I woke up at 3:30 this morning because I slept half the day yesterday after arriving on a red-eye from HIMSS12 in Las Vegas. We were thrilled that the Annual Conference had record-breaking numbers of attendees and exhibitors. It was a fabulous week of learning and catching up with friends, and I was ready to come home. My experience with HIMSS has been tremendous and has given me a good overview of the current healthcare IT landscape. A few interesting observations from my travels:
1. Everybody has the same problems. I’ve been working at Partners for many years. People are always impressed by the name and our accomplishments in health IT. But while Partners has made many great contributions, like any organization, we also have our challenges. Our friendly competitor in town attested for Meaningful Use Stage 1 on the first possible day while we are still certifying many of our systems for attestation in 2013. Our CIO says, “We only know what we know.” That’s how I have felt — I know our integrated delivery system and the Boston healthcare market, but does that translate to what others are experiencing across the country?
It turns out that it does. I have been fortunate to learn pretty detailed information about how many organizations approach clinical care processes, research and development, teaching, and mission to their communities. Of chief interest to people like us, of course, is IT strategy and the approach to supporting these endeavors in an environment where the payment system is likely changing and resources are limited.
To my surprise, I haven’t encountered a single scenario that I hadn’t run across in my experience at Partners. Healthcare providers, large and small, are adopting EHRs to meet Meaningful Use, working on integration and data exchange with business partners, and looking to turn data into information that can be used to manage population health. All of these activities require IT departments to be more efficient and execute more projects on short timelines with the same or fewer resources.
2. “Open” versus “closed” systems. Of most interest was the very clear divide between those who are sold on the very successful vendors with closed architecture versus the few that are making their way with an eye toward open standards. I put open and closed in quotes because deeper technical dives on products can show that market perceptions aren’t always the reality. I have written in this space before about significant interoperability success with one of the “closed” vendors.
In the community setting, many seem to continue to have success with the one or two vendors who can provide a complete package and support for relatively low cost. This includes the ability to overcome regulatory hurdles like 5010, ICD-10, and Meaningful Use. In the academic/large hospital market, there are some who adopt a “nobody ever got fired for buying a certain vendor from the cheese state” theme. This also appears to be a conversation amongst some of our Clinical Chairpersons across the country. Chair of Medicine at X tells his med school buddy, who is Chair of Medicine at Y, that they have had a great experience with that vendor. Chair of Medicine at Y may have never laid eyes on the system, but he’s an evangelist at Y because of his friend at X.
On the other side of the divide, for some organizations with informatics and development ability, there is an equally strong passion for retaining the opportunity to innovate and conduct research on new clinical knowledge interventions within systems. While even these institutions acknowledge that some functions are best supported in a vendor platform, the vendor must be willing to partner on innovations and invest in intellectual property. Above all, the vendor’s architecture must support local interventions and interoperability.
We have yet to resolve this at Partners. As we look to our next generation of clinical systems to support our mission and the mandates from regulators and payers, we have the same questions. We certainly have people with passions for both of these arguments.
3. Research has different computing needs. We’re all familiar with Moore’s Law — the number of transistors that can be placed inexpensively on an integrated circuit doubles approximately every two years. There is also exponential potential in personalized medicine as we unlock the human genome and discover ways to use this powerful information in the patient interaction. Our basic science and clinical researchers have different computing needs.

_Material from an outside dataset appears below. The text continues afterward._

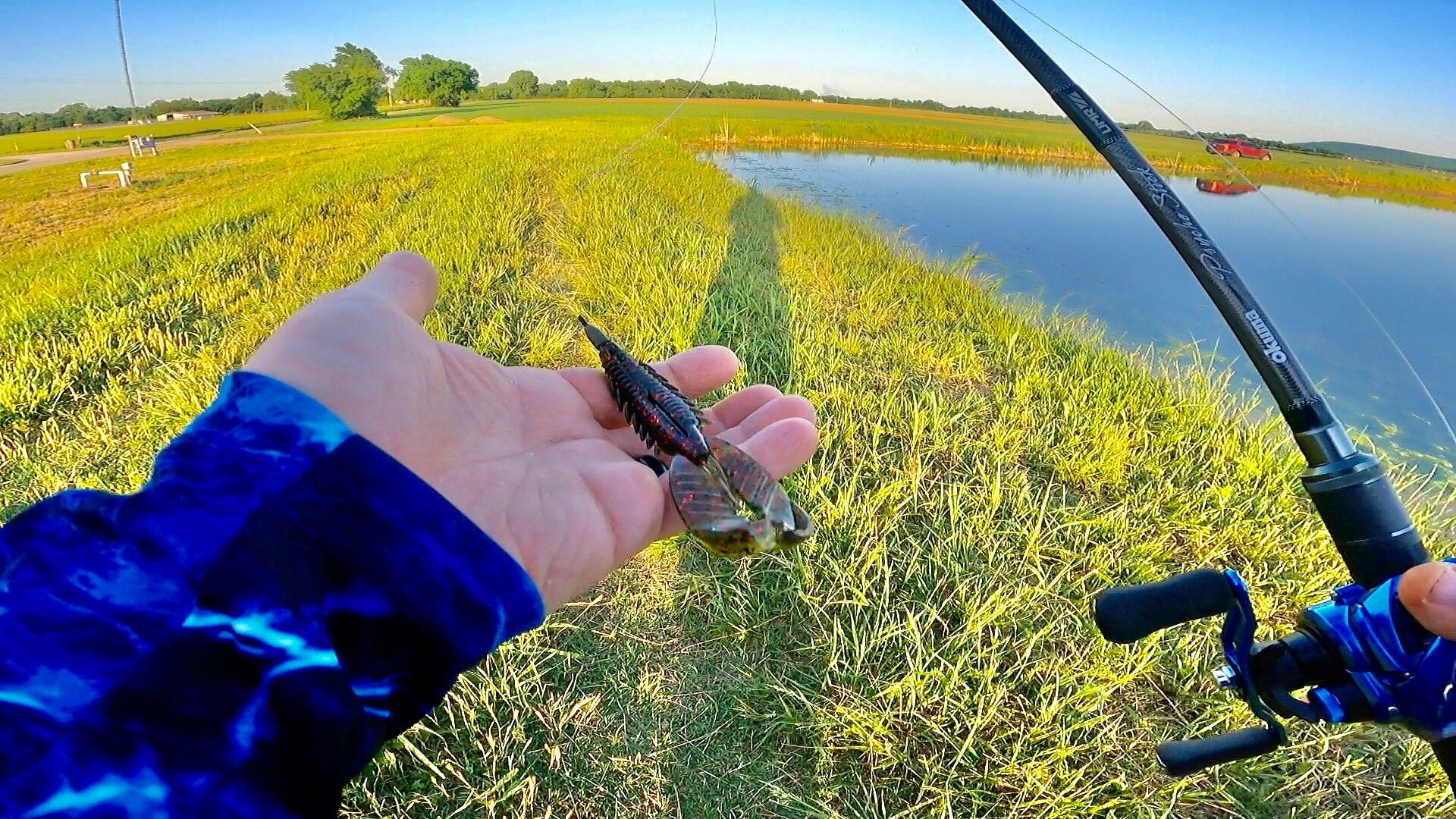 Texas Rig  The Best Weedless Rig? – MONSTERBASS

I’m no expert, but my years at Dana-Farber Cancer Institute and serving the Partners AMCs have shown me a few themes.
Our researchers have some common needs, but they operate very independently. In most cases, they have secured their own funding and paid the requisite “institutional tax.” When it comes to computing needs, they want to purchase the latest, most powerful computing platforms and lots of storage as cheaply as possible. While they certainly understand security and privacy issues, they often need more flexibility than our locked-down processes in the clinical care environments. They want to be able to move quickly and often need to collaborate across many institutions and business entity boundaries.

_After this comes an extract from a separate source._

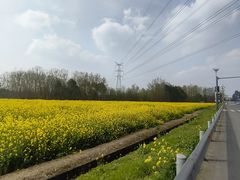 -桤木河湿地公园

Then there is the prolific use of Apple products. For years, we have supported the MacIntosh hardware and OS on a “best effort” basis. Since the advent of the iPhone and iPad, we have established more “consumer friendly” support models that keep our security standards in place. The use of Apple products has become so large that we are now considering a standard offering and support structure. Finding ways to support this community while maintaining information security practices and rigorous budgeting is imperative.
For many organizations, building the bridge between research innovation and standard care operations is fundamental to the mission. From a technology perspective, we need to allow “coloring outside the lines” for innovation, then work hard to codify what works in technology standards. Much of the directional debate in #2 seems to be about organizational ability to execute on this point.
It’s still dark outside, so there’s plenty of time to run and then continue our efforts to meet the healthcare IT challenge.